WHAT YOU WILL DO: Directions for the data below: repeat exactly the lines from the one with "Ted Williams Lot" through the one with "Ekologické aktivity na", both included, and omit all pictures.

DATASET CONTENT:
____
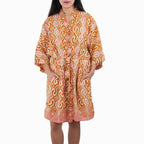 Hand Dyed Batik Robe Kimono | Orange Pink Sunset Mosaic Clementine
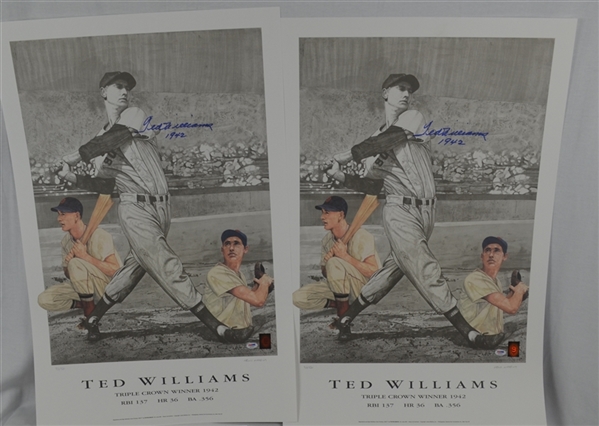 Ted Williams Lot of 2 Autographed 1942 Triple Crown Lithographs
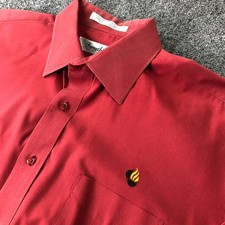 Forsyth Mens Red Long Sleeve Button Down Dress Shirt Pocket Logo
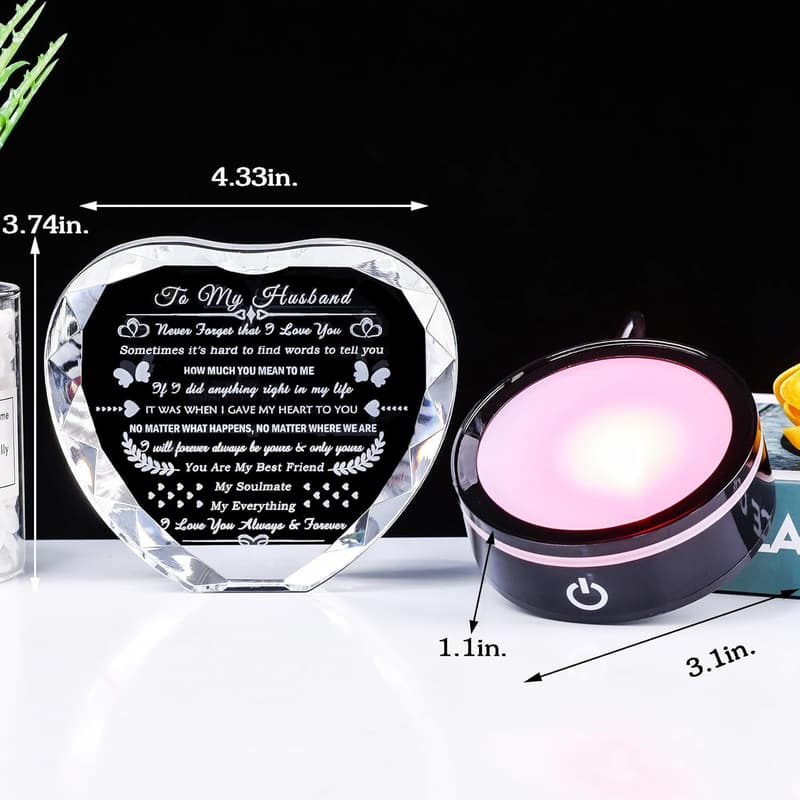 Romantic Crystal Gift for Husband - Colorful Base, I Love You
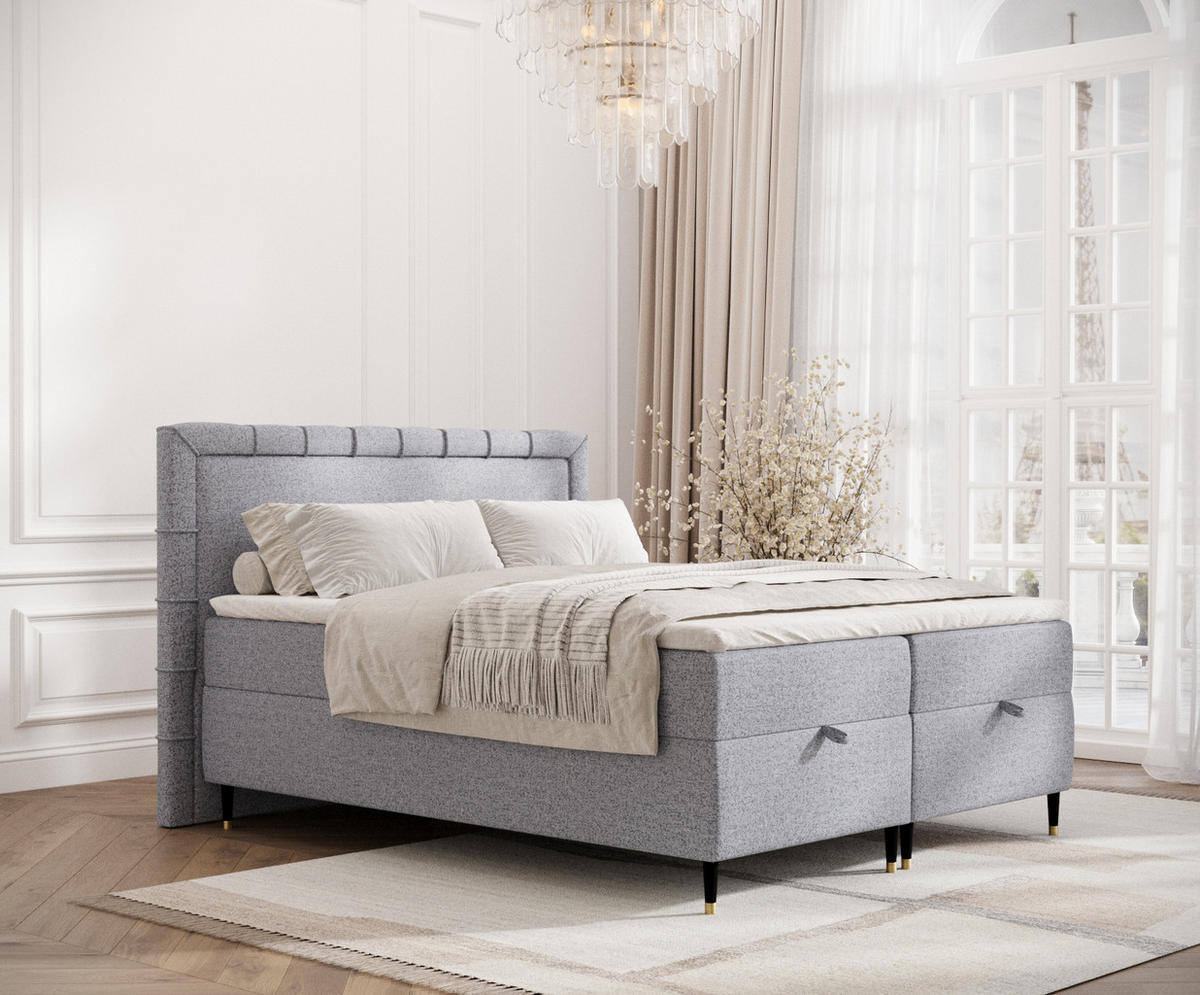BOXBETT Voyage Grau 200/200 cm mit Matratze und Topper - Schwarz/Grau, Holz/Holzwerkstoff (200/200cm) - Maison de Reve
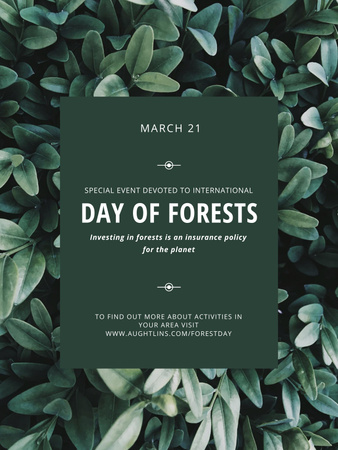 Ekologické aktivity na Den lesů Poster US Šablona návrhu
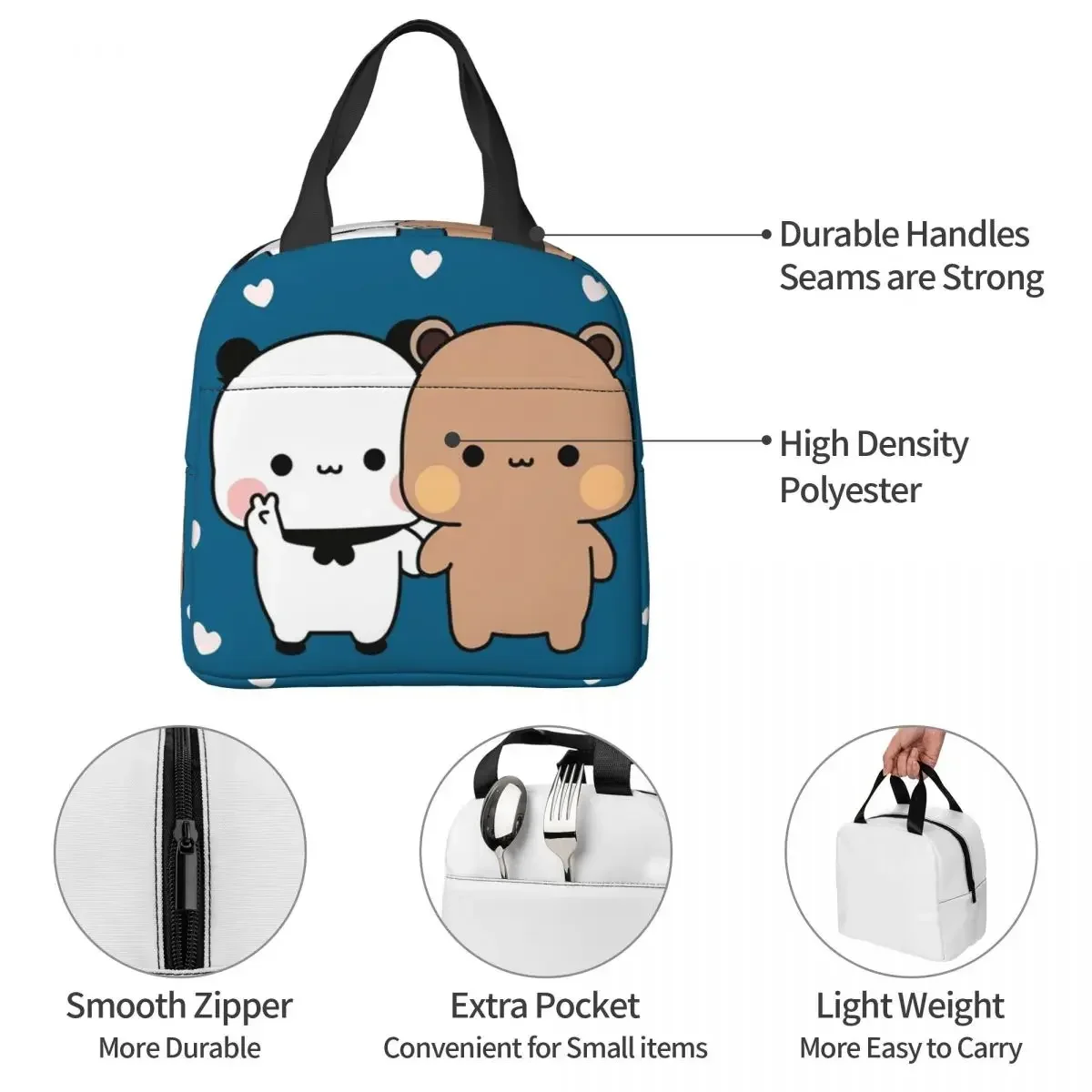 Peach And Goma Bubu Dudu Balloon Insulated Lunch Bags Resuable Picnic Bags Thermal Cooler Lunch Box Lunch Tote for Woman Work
____
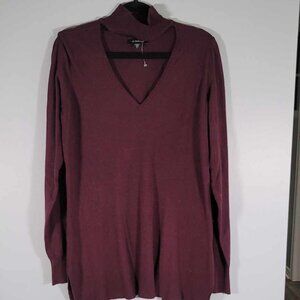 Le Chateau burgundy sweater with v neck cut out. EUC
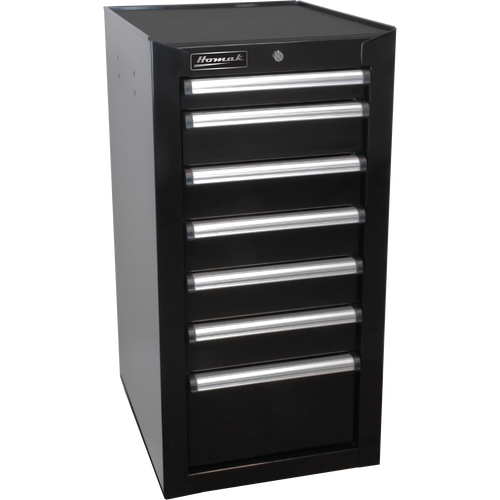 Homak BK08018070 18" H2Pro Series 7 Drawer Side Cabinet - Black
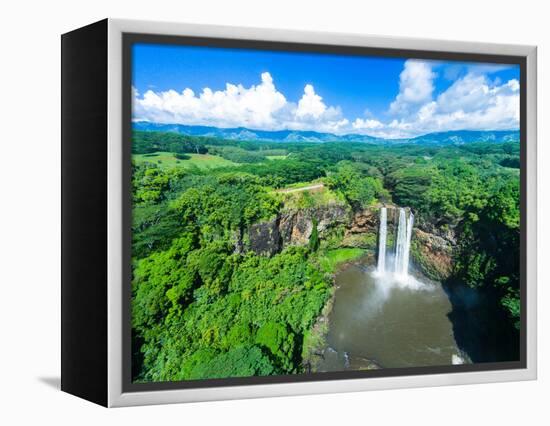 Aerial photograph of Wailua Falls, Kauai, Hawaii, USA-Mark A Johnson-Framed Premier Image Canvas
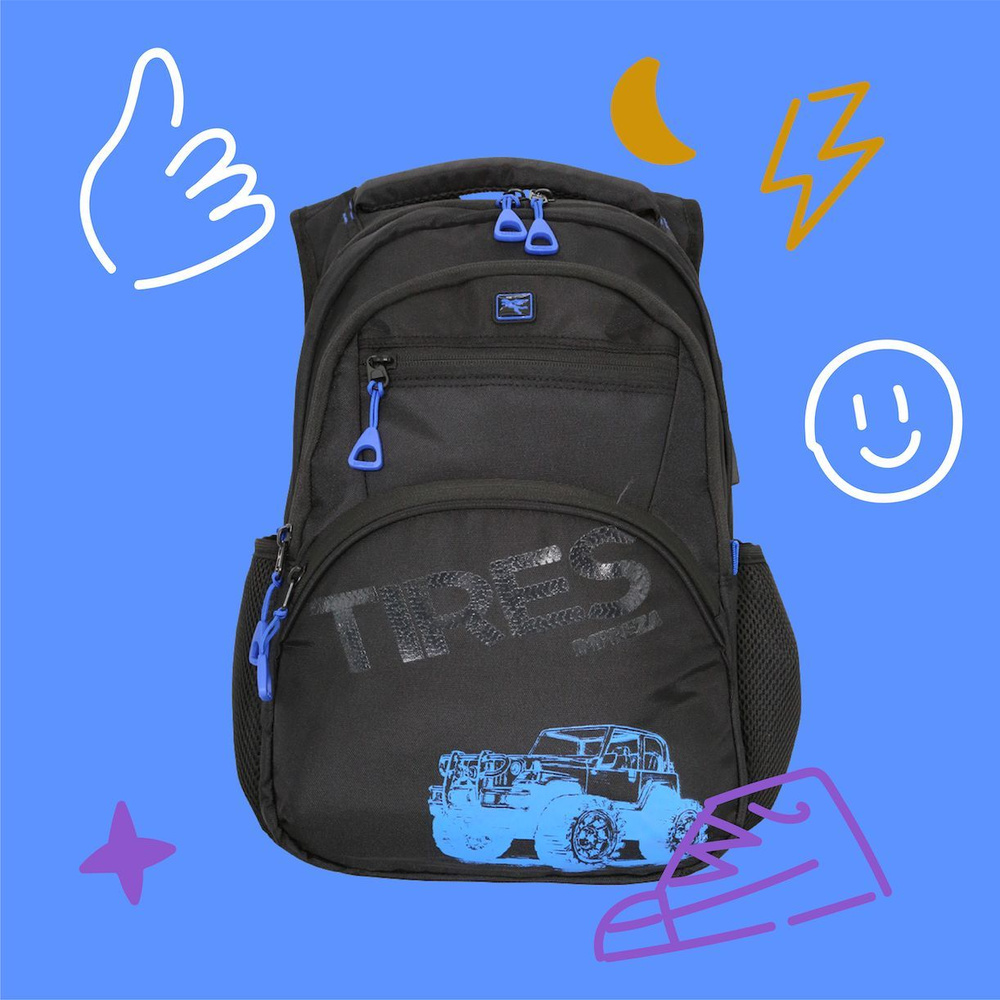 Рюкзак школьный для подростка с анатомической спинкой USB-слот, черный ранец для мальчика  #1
____
RESPONSE TO THIS TASK:
 Ted Williams Lot of 2 Autographed 1942 Triple Crown Lithographs
 Forsyth Mens Red Long Sleeve Button Down Dress Shirt Pocket Logo
 Romantic Crystal Gift for Husband - Colorful Base, I Love You
BOXBETT Voyage Grau 200/200 cm mit Matratze und Topper - Schwarz/Grau, Holz/Holzwerkstoff (200/200cm) - Maison de Reve
 Ekologické aktivity na Den lesů Poster US Šablona návrhu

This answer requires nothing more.